In this month’s live debate, Gulf News readers debate whether social media has made our interactions more fulfilling, our connections stronger and our friendships last longer. Here are the excerpts from the discussion. If you would like to share your views, post them on our Facebook page ‘Gulf News Al Nisr Publishing UAE’ or tell us at readers@gulfnews.com
Anureet Kaur: I agree. I study in Toronto, I have grown up in Dubai and some of my friends are in India, UK and Australia. So, when we have to interact we use Facebook and messaging services. At that level, yes, I think we do build a lot of trust. But, giving your information to everyone and making your life an open book can be really risky at times. Some people could be hiding their real identity and could try to misuse the information you provide. So, it is important not to add people you don’t know.

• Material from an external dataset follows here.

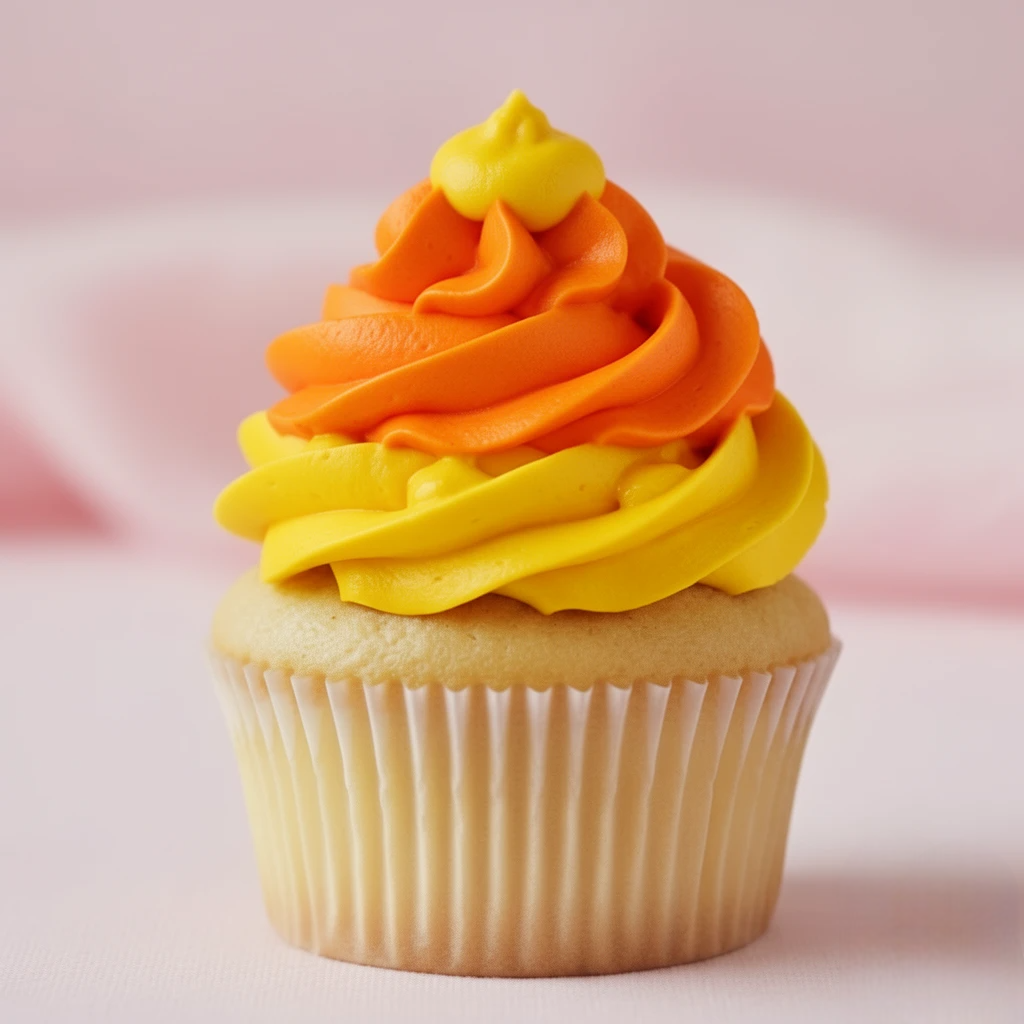 Cupcake met oranje en gele toef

Aisha Samrah: I partly agree. Since I have a blog, often unknown people try to add me, and I add them too. But it depends on the conversation you are having. If they would just like to add you because of your work, that’s okay. It all depends on the person and the situation.

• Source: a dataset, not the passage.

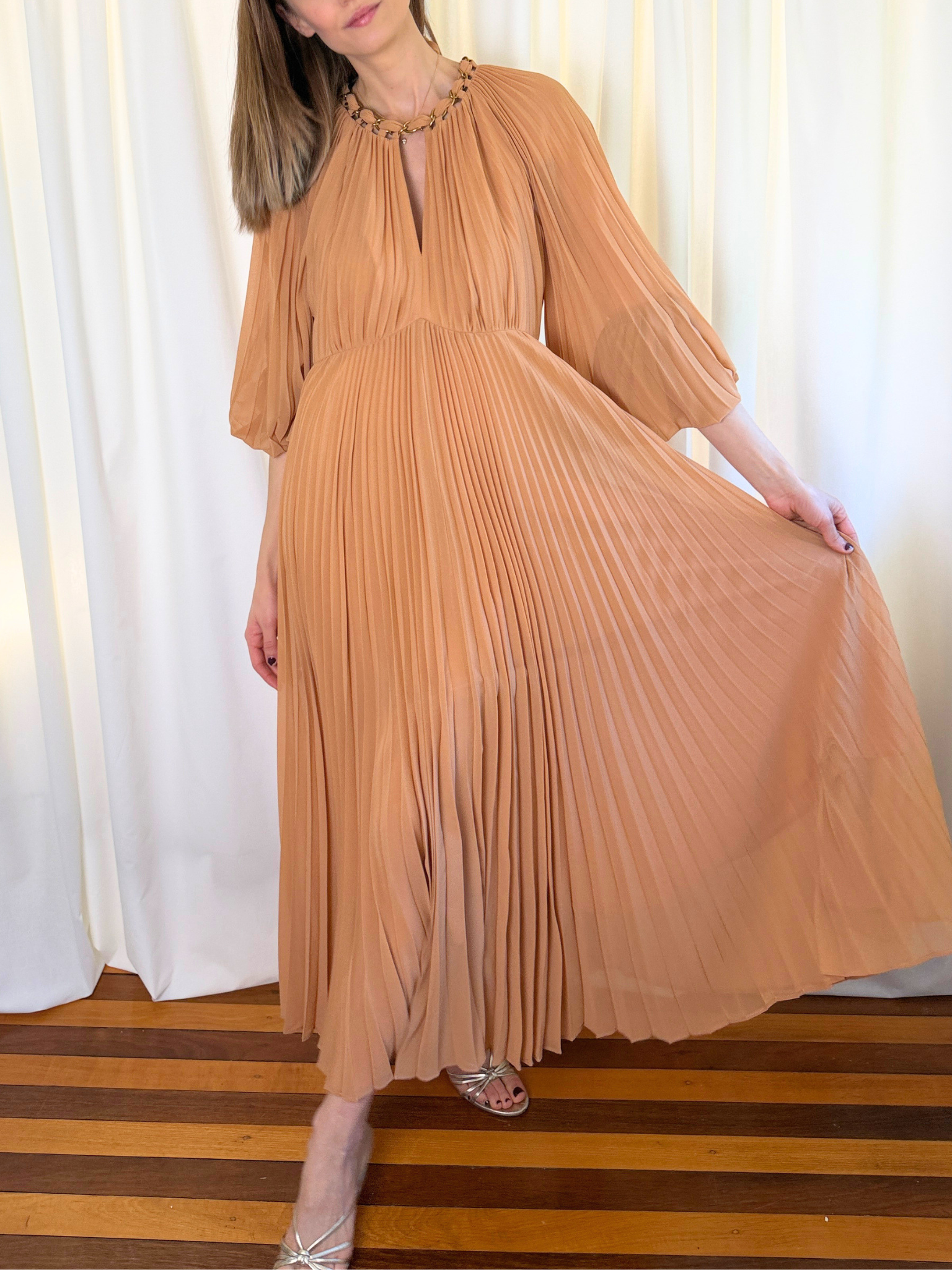 Zimmermann Sunray Chain-Embellished Pleated Chiffon Midi Dress – Size 2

Sunetra Gupta: I don’t add strangers as Facebook friends, because I am aware of the dangers. But I do know of friends who add random strangers and start chatting with them. But I would definitely say that Facebook has made the world a friendlier place, because before the social networking boom, people would not open up so quickly, they were less eager to make friends and they didn’t want to give their opinion on so many things.
M. Ashraff Nazim: There are millions of users of Facebook and Twitter today and companies advertise their products and services on these websites, which will no doubt enhances business development. They are turning out to be the best marketing platform today.

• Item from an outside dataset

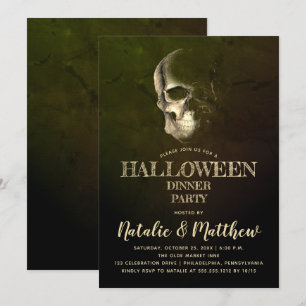 Eerie Night Skull Halloween Diner fête Invitation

Mohammad Zaher: There are two elements to this. Firstly, the process of meeting people, which social media has definitely made easier. If you look at social media, it is a reflection of society. If you met someone at the restaurant, it would take you up to two, three hours to really know them, but on Facebook in a second you can open their account and find out about them. In their Twitter account, their last few tweets can give you an insight to who they are. From the information point of view, social media has definitely made it easier for people to get information and also trust this information. Wikipedia is the biggest example — it is created and edited by people, its information has been proved to be highly accurate. This is due to a very interesting theory called ‘wisdom of the crowd’ — that a crowd, collectively, is more likely to give you the right answer, and while you may stumble upon some wrong information every now and then, we also have the power and tools to search for and verify such information.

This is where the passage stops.